Für notwendig hält die Stadt diesen Schritt nicht. Im konkreten Fall liege der Urweltmammutbaum im Landschaftsschutzgebiet Rheinufer, wo jegliches Entfernen von Bäumen verboten sei. Es sei denn, es liegt eine landschaftsrechtliche Genehmigung für eine Fällung vor. „Eine Ausweisung als Naturdenkmal würde den Schutzstatus nicht weiter verstärken“, meint zumindest die Stadt.
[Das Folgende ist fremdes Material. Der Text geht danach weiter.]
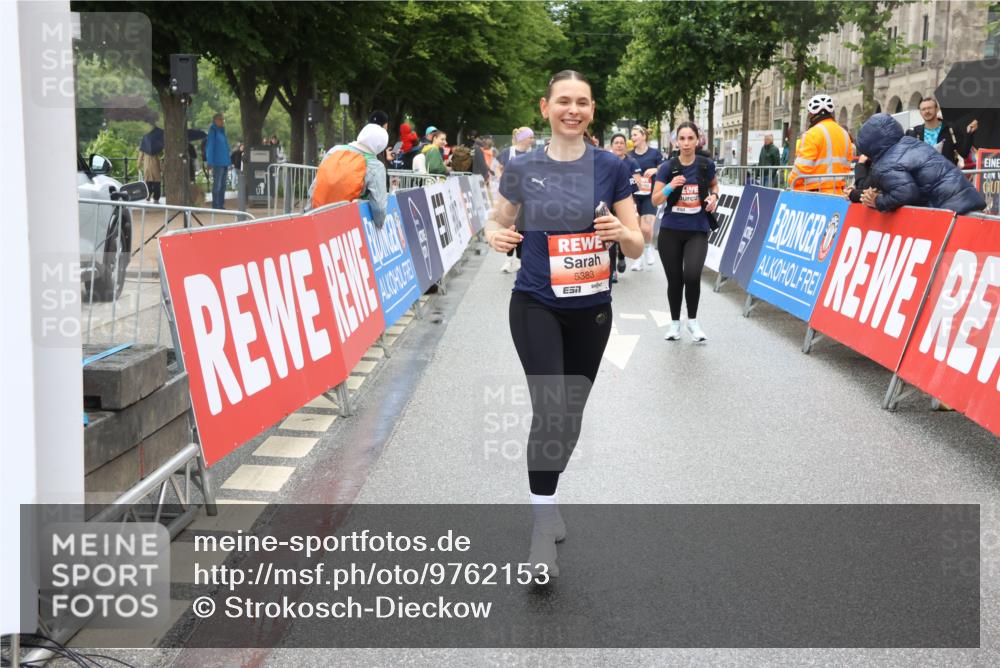 14.06.2026 - REWE Women's Run Strokosch-Dieckow http://msf.ph/oto/9762153 14.06.2026 11:13:27 Ziel 5299, 5365, 5383, 5426, 5726, 5936 meine-sportfotos.de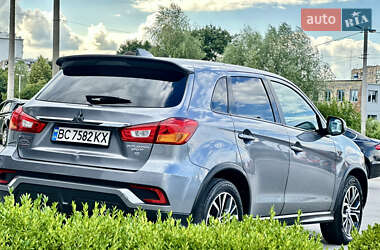 Внедорожник / Кроссовер Mitsubishi Outlander Sport 2018 в Каменец-Подольском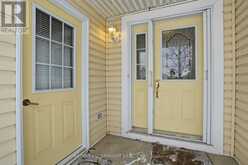148 GLENARIFF DRIVE | Hamilton Ontario | Slide Image Three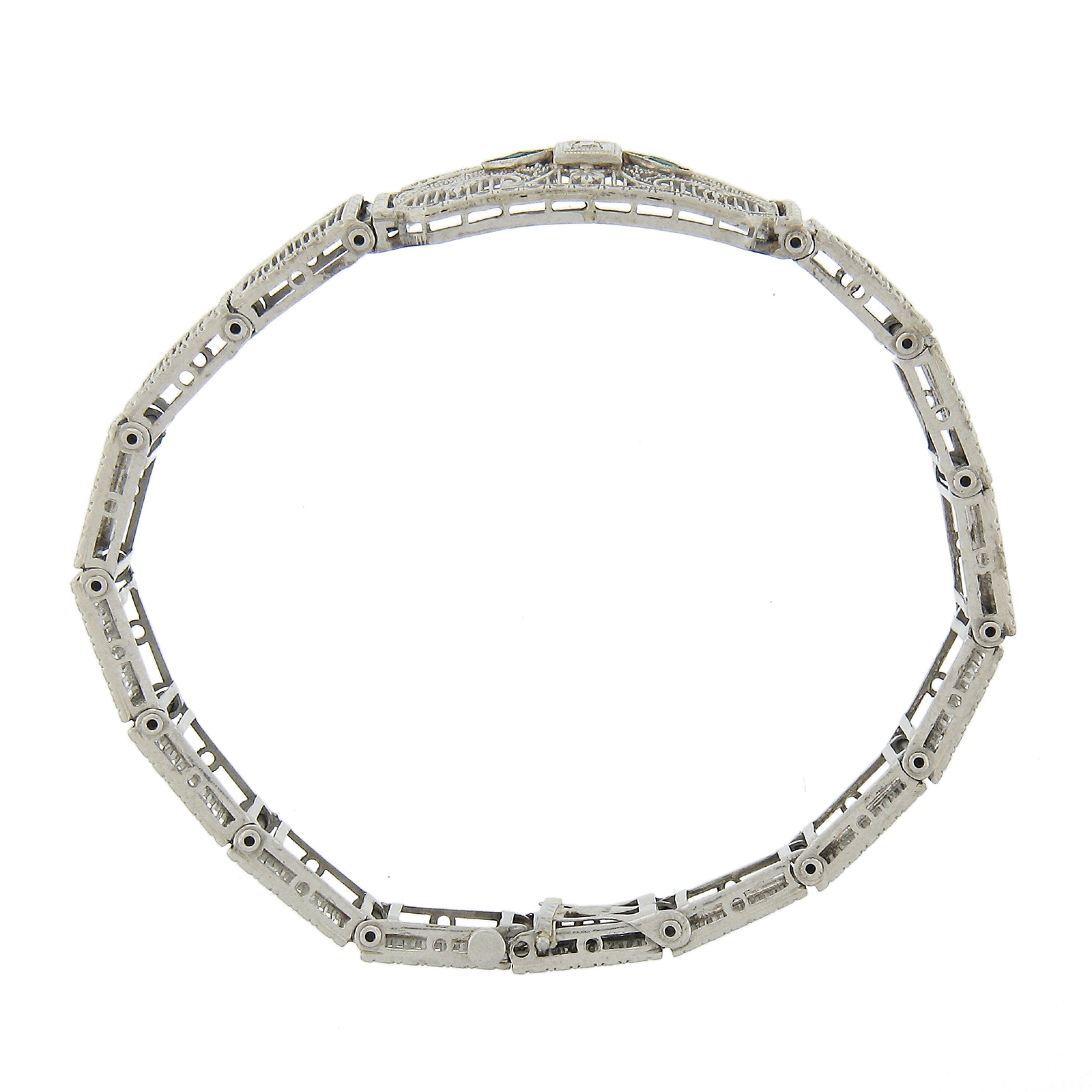 Antikes filigranes Art-Déco-Gliederarmband aus 10 Karat Gold mit 6,5 Karat Diamanten und Smaragden im Angebot 1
Das NRW-Umweltministerium erklärt auf Anfrage, ein direkter Vergleich zwischen dem Schutzstatus beider Kategorien sei nicht möglich und verweist in Detailfragen wiederum an die Stadt.

Stadt pflegt Mammutbaum auf Landesgrundstück

Die 54 Jahre alte Naturdenkmal-Verordnung hat laut Stadt seinerzeit dazu gedient, dass die dort aufgeführten Bäume zunächst unter den Schutz des Reichsnaturschutzgesetzes gefallen sind, heute unter den des Bundesnaturschutzgesetzes. „Zu dem Zeitpunkt gab es noch keine Baumschutzsatzung, die den Baumbestand in der Stadt in umfassender Weise unterstützt.“ Eine solche Baumschutzsatzung hat die Stadt mittlerweile.

Der Urweltmammutbaum steht auf einem Grundstück des Landes. Auf der Grundlage eines mehr als 70 Jahre alten Vertragswerkes zwischen Stadt und Universität kümmert sich das Amt für Umwelt und Stadtgrün bis heute um die Pflege des Urweltmammutbaums. Auf Nachfrage des GA, ob die Uni konkrete Pläne habe, denen der Baum im Wege stehen könnte, antwortete Universitäts-Sprecher Andreas Archut: „Die Universität erwägt verschiedene Szenarien, wie die Flächen des Uni-Hauptgebäudes nach dessen Sanierung durch Anbauten erweitert werden können, um den wachsenden Flächenbedarf an diesem Standort zu decken. Neben dem Viktoriakarree und den Liegenschaften am Martinsplatz ist auch der Bereich zwischen Uni-Ostflügel und Lenné-Haus grundsätzlich Gegenstand dieser Betrachtungen.“ Die Uni würde es daher begrüßen, wenn ihr „Planungsoptionen nicht ohne Not genommen würden“.